A few Claude-specific notes:
Budget tokens for thinking
When using extended thinking via the API, you set a "budget tokens" parameter that controls how much thinking to do. More budget = more thorough reasoning = higher cost and latency. Match the budget to the task complexity.
response = client.messages.create(
model="claude-opus-4-6",
max_tokens=16000,
thinking={
"type": "enabled",
"budget_tokens": 10000 # How much to think before responding
},
messages=[{"role": "user", "content": your_prompt}]
)
Extended thinking is best for:
- Complex, multi-step math or science problems
- Code requiring careful architecture planning
- Legal or contract analysis requiring precise logical reasoning
- Problems where you're currently getting inconsistent results
Extended thinking adds limited value for:
- Simple factual questions
- Creative writing
- Basic summarization
- Tasks that are already easy for Claude
When Reasoning Models Are Worth the Cost
Reasoning models cost 5–10× more than standard models and have higher latency. When is this justified?
Justified:
- The task is where reasoning models measurably outperform standard models (complex math, careful code)
- The cost of an error is high (legal, medical, financial analysis)

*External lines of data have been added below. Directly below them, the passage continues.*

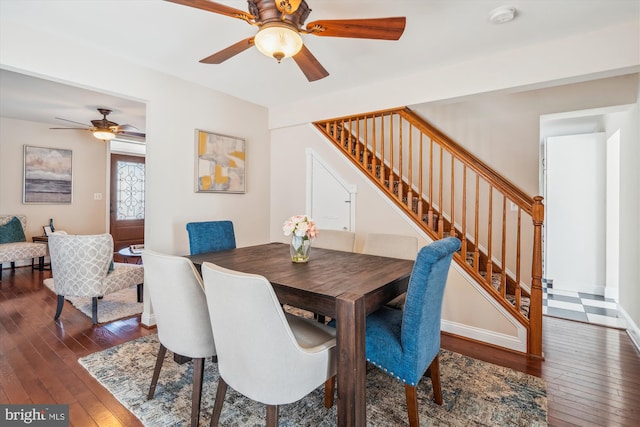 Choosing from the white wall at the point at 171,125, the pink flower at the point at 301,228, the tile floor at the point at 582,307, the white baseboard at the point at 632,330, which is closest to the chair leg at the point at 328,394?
the pink flower at the point at 301,228

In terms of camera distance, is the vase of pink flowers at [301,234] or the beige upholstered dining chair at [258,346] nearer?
the beige upholstered dining chair at [258,346]

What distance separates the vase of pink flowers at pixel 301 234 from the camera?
215 centimetres

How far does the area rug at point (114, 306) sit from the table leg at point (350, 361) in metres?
2.81

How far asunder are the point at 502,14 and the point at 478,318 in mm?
2345

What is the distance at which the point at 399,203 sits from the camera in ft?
10.5

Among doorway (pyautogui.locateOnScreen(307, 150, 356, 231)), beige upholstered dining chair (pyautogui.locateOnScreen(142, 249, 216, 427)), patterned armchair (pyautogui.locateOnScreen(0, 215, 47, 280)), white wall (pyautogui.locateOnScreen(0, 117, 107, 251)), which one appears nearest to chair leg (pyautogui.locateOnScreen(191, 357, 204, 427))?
beige upholstered dining chair (pyautogui.locateOnScreen(142, 249, 216, 427))

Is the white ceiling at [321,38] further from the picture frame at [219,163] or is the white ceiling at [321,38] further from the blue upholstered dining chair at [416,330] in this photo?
the blue upholstered dining chair at [416,330]

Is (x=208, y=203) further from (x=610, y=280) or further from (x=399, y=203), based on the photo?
(x=610, y=280)

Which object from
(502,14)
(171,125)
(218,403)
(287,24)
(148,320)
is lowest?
(148,320)

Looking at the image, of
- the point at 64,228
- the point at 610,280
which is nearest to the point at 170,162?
the point at 64,228

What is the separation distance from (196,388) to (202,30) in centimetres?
240

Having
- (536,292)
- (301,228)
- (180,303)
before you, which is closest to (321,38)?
(301,228)

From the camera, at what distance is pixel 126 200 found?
660 centimetres

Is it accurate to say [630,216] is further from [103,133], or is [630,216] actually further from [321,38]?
[103,133] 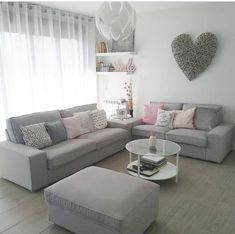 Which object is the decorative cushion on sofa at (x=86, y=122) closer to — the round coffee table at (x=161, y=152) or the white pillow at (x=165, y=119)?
the round coffee table at (x=161, y=152)

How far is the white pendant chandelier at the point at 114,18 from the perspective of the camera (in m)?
2.20

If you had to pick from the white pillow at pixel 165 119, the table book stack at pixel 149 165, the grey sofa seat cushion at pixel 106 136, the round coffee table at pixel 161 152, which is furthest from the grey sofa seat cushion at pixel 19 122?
the white pillow at pixel 165 119

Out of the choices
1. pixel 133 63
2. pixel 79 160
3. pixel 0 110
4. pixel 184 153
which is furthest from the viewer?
pixel 133 63

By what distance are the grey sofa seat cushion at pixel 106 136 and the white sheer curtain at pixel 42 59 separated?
1.08 metres

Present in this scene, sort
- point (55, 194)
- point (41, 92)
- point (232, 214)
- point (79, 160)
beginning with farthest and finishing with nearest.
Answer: point (41, 92) < point (79, 160) < point (232, 214) < point (55, 194)

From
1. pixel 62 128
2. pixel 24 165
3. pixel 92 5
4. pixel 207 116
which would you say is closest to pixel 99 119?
pixel 62 128

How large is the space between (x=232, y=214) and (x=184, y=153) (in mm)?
1559

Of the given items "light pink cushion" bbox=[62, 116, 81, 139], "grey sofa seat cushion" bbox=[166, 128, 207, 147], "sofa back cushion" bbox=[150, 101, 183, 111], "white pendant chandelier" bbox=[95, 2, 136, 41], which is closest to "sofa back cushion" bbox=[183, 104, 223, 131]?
"grey sofa seat cushion" bbox=[166, 128, 207, 147]

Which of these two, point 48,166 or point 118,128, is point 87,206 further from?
point 118,128

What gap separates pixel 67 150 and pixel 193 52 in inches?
107

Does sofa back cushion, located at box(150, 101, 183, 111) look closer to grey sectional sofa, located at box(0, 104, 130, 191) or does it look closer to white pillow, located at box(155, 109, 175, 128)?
white pillow, located at box(155, 109, 175, 128)

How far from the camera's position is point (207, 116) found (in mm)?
4012

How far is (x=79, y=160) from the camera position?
11.2 ft

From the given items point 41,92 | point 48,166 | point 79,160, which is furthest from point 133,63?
point 48,166
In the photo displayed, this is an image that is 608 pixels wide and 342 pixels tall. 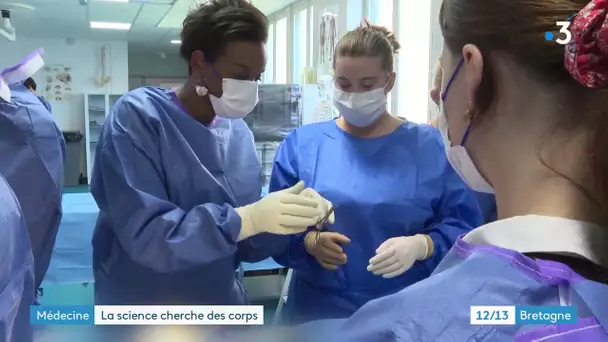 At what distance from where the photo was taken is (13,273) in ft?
1.55

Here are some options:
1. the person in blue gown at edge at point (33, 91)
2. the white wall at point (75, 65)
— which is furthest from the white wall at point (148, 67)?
the person in blue gown at edge at point (33, 91)

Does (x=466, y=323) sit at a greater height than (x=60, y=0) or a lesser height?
lesser

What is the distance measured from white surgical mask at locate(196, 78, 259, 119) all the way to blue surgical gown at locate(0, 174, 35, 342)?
58 cm

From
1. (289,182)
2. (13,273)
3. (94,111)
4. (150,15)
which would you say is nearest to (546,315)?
(13,273)

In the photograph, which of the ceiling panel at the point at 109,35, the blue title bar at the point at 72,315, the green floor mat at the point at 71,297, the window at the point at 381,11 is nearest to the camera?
the blue title bar at the point at 72,315

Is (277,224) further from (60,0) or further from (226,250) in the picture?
(60,0)

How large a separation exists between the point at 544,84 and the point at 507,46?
0.05 meters

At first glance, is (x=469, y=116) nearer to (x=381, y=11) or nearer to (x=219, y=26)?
(x=219, y=26)

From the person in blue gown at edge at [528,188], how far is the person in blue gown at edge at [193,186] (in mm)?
404

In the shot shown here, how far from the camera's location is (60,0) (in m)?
4.47

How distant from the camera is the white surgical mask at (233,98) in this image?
104 cm

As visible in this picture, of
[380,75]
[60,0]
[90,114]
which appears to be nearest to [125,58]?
[90,114] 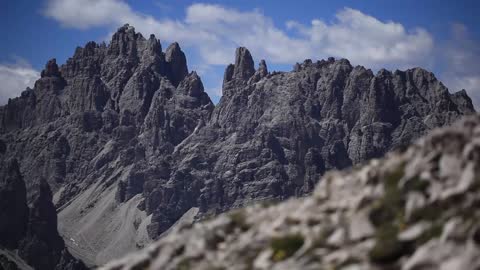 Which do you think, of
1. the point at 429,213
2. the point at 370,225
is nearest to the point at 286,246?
the point at 370,225

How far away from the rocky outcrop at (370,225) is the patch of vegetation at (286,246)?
4cm

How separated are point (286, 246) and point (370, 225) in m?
3.79

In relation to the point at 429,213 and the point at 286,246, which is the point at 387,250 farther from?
the point at 286,246

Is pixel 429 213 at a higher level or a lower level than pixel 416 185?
lower

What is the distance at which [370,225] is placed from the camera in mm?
31125

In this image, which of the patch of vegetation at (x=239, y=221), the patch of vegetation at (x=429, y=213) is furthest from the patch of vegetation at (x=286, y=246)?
the patch of vegetation at (x=429, y=213)

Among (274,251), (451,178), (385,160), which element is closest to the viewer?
(451,178)

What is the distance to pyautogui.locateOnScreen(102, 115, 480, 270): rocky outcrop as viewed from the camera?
2794 centimetres

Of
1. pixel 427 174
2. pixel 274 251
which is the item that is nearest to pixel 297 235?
pixel 274 251

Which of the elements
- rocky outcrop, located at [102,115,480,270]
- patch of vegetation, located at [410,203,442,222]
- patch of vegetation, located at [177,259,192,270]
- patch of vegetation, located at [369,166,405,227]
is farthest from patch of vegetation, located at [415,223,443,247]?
patch of vegetation, located at [177,259,192,270]

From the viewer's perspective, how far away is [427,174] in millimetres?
31359

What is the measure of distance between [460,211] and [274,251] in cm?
839

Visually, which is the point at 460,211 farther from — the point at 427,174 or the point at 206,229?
the point at 206,229

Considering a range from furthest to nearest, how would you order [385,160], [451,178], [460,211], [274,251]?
[385,160] → [274,251] → [451,178] → [460,211] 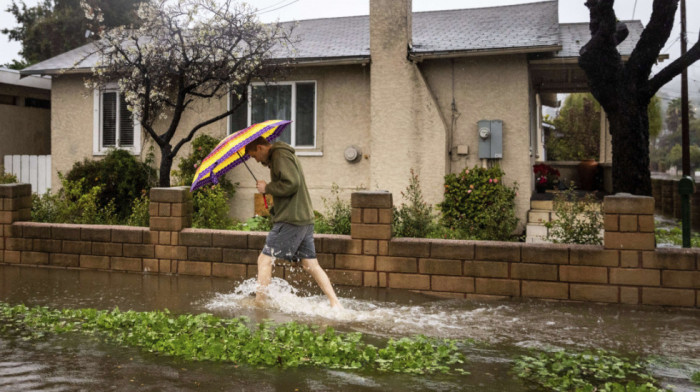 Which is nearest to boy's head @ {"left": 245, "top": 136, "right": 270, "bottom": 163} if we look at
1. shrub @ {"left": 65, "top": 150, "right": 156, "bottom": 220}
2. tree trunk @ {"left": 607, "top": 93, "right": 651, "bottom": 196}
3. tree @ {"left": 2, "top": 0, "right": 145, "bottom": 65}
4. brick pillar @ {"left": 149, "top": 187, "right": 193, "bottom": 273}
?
brick pillar @ {"left": 149, "top": 187, "right": 193, "bottom": 273}

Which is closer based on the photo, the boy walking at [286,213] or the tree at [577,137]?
the boy walking at [286,213]

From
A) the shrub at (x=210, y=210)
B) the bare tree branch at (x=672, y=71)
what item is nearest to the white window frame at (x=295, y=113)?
the shrub at (x=210, y=210)

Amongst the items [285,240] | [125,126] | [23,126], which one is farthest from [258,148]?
[23,126]

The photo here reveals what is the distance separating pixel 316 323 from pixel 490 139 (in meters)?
7.64

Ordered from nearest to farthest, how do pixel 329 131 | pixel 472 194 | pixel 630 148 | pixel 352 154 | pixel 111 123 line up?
pixel 630 148
pixel 472 194
pixel 352 154
pixel 329 131
pixel 111 123

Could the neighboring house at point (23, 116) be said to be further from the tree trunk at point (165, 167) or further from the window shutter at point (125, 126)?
the tree trunk at point (165, 167)

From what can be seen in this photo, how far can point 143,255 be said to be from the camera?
352 inches

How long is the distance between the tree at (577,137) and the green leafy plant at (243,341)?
27.9 m

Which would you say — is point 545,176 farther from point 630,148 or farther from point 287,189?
point 287,189

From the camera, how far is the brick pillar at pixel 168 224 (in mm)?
8766

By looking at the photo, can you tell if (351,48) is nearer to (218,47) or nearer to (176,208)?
(218,47)

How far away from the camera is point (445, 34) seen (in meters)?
14.3

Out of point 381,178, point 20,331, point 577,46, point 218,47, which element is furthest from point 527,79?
point 20,331

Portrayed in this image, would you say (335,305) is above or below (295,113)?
below
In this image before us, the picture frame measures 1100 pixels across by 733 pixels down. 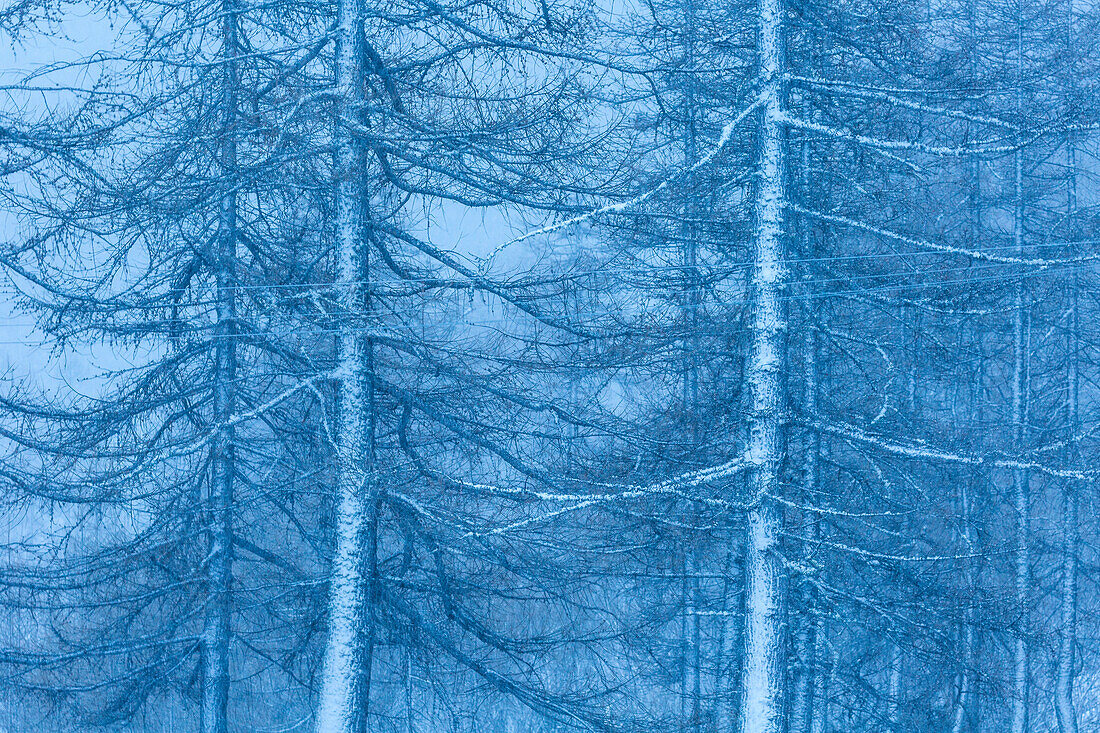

- You've tested a standard model and it's failing consistently on this task type
- Volume is low enough that the price difference is acceptable
Not justified:
- Simple tasks that standard models handle well
- High-volume, latency-sensitive applications
- Creative tasks where reasoning isn't the bottleneck
- When you haven't first tested whether a standard model does well enough
The honest answer is: try the standard model first. If it's failing on a specific task type, then try a reasoning model. Don't assume you need reasoning mode for everything — the cost adds up fast.
Practical Benchmarks
Rough guidance on task categories (as of early 2026):
| Task | Standard model | Reasoning model | Use reasoning model? |
|---|---|---|---|
| Complex math problems | Often fails | Significantly better | Yes |
| Competitive programming | Variable | Substantially better | Yes |
| Multi-step logical deduction | Moderate | Better | Usually yes |
| Code review of complex code | Good | Marginally better | Sometimes |
| Scientific reasoning | Moderate | Better | Yes |
| Simple Q&A | Good | Marginally better | No |
| Creative writing | Good | Same or worse | No |
| Basic summarization | Good | Same | No |
The Bottom Line
Reasoning models are a genuine step change for hard reasoning tasks. But they're not universal upgrades — they require different prompting, cost more, and are slower.
The key adjustments:
- Remove reasoning scaffolding (they don't need "think step by step")
- Write thorough, complete problem specifications
- Specify output format precisely
- Use them selectively for tasks where they actually improve on standard models
Get those right and reasoning models can handle problems that used to require significant prompt engineering work to get anywhere close to correct.